When I was a child, my mother would invite over some thirty people and cook for fifty. Five minutes before the guests' arrival, panic would set in, and she would instruct me not to eat any food until they left, lest the feast come short. After the grand departure, she would over stuff me with the leftovers of the next two weeks, while apologizing out of guilt.
Throughout my higher education, medical school, cardiology fellowship, not once did she praise me in front of others. She always seemed in awe of much lesser accomplishments of other kids, while explaining to me later and in private that although I meant the world to her, she never wanted others to feel lesser because of me. As if...

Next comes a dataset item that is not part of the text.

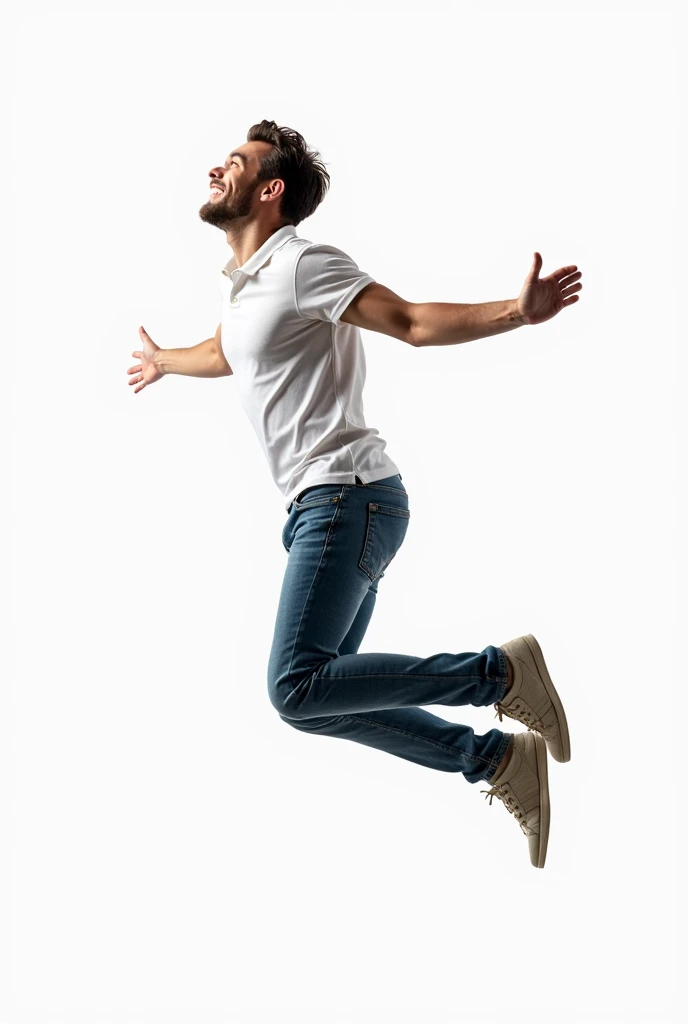 A man in casual clothes flying in the air, propelling upwards, body seen from the side, the mans eyes looking up, as if the focus was going up as if he were a superhero, wearing a white polo shirt and jeans, expression of satisfaction, attractive and sophi...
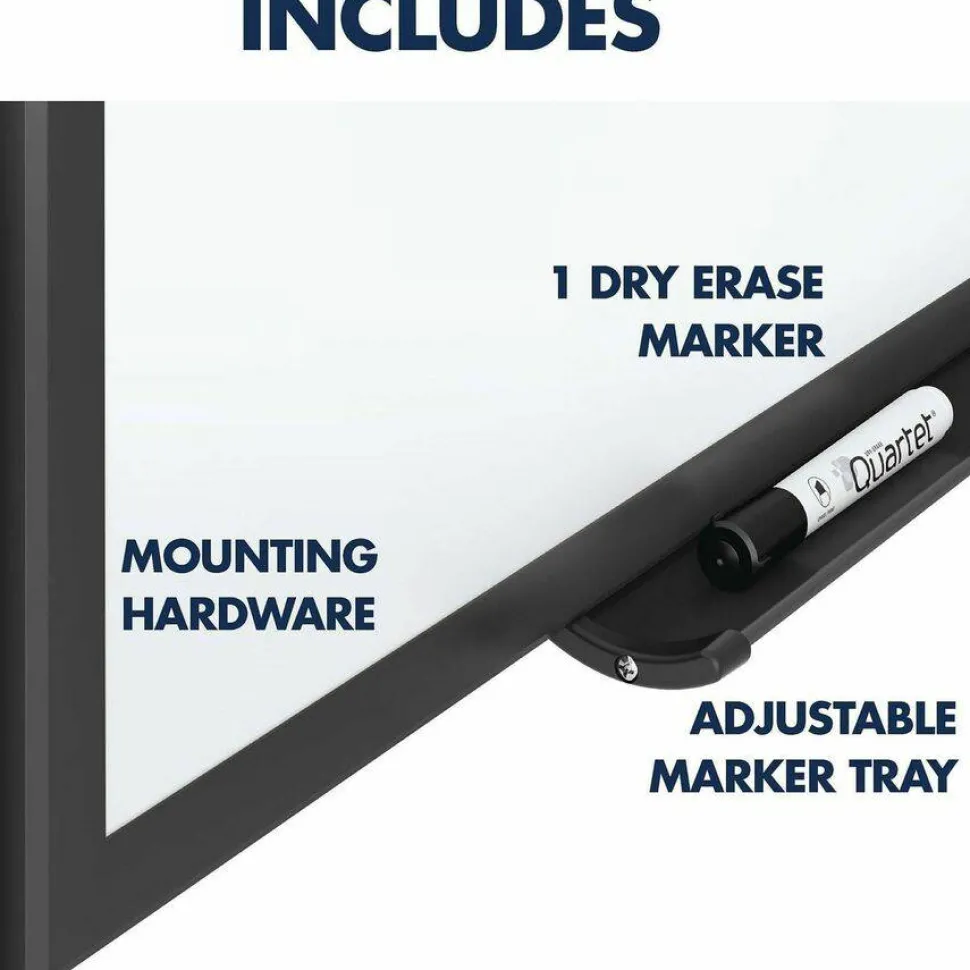 Quartet Classic Series Total Erase Dry Erase Boards, 96" x 48", White Surface, Black Aluminum Frame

Once, my brother had an accident in front of our house. My mother, awakened from her sleep by the loud noise, ran outside to make sure he was alright, and then quickly became the witness to the other driver. "I saw everything. It was my son's fault," she said. After we came inside and settled down, she explained that she felt the other woman was frightened and just wanted her to feel better, but knew in her heart that my brother would have never caused the accident.
There are numerous such stories of my traumatic upbringing. Growing up, raised by such a mother, I cannot help but always think of those less fortunate, first. You see, here are some real patients from my practice:
• The barren women in her fifties whose body denied her children but whose heart was large enough to overcome by loving other children as her own;
• The rape victim who became pregnant, had an abortion, and now struggles with having a child again;
• The daughter who lost her mother at a young age and is frightened of becoming a mother, in case she, too, might also abandon her child;
• The boy who desperately wants to relive his childhood memories with his mother who has lost their history to Alzheimer’s;
• The young woman ridden with guilt of being unable to give her only child a sibling because of a hysterectomy, her womb lost to cancer;
• The mother who carries the breast cancer gene and is afraid of having a daughter and transmitting the disease to her loved one;
• The mother who lost time with her child because of alcohol, drugs, or even work.
In the height of celebration, we should never forget the angels who walk among us.
Mother Teresa said "May God break my heart so completely that the whole world falls in." Starting in teens, a woman’s womb pulsates in anticipation of new life, then bleeds each month, until it creates enough room to one day carry our future. God worked hard for six days to prepare this earth, but rested only after creating Eve, our mother. He knew this world would only be safe in her hands.
So my dear mom, on this wonderful day, as we celebrate your blessings, and you see a little heaviness on my face, I hope you understand, it’s not my fault. It’s what you’ve taught me.